Saturday, October 20, 2007

My fight with Barnes & Noble.

Having seen the widely disseminated clip of Frau Coulter on Donnie Deutsch's show (Hannah Arendt might call Coulter's spoutings The Banality of Banality) my disdain for her, always at quite a high level, has skyrocketed. The day after making her anti-semitic remarks I came across a raft of her books on display at Barnes & Noble. Incensed (as always) I decided to write an email to them protesting, not that they are selling her inflammatory racism, but they have it prominently displayed. In my email, I mentioned that I believed having Coulter's trash front and center was an "implied endorsement" on the part Barnes and Noble. For instance, if there were a book called "Negroes are Dumb," having it in the window of your store, like having a certain dress if you are a dress shop, means this is something you want to sell--something you are pushing.

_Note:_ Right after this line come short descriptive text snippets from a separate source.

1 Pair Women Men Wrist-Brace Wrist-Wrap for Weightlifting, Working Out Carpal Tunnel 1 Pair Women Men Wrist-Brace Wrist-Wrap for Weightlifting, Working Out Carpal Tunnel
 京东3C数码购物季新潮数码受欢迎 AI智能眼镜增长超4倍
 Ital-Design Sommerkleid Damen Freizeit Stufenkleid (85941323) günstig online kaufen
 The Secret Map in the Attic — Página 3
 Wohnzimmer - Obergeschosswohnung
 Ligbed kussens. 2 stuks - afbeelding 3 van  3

Of course the note I got back from a Barnes & Noble customer service person convinced me that no one at all actually read my reasoned and moderate email. What follows is a semi-logic-leap, but this to me illustrates one of the dangers of media consolidation. When a few control much, debate is stifled and one company's opinions or business practices can have undo, and undeserved, influence.

1 comment:

Tore Claesson said...

they sell anything that's lucrative enough. as long as it doesn't clash with (bushite )moral values.
although i've secretely being peeking into their art book department where many a title of interest can be ogled.
i wonder if there's any integrity left in our world at all.
They probably saw the whole fucking debacle as a great PR tool, peaking interests in die Frau's book. It's despicable.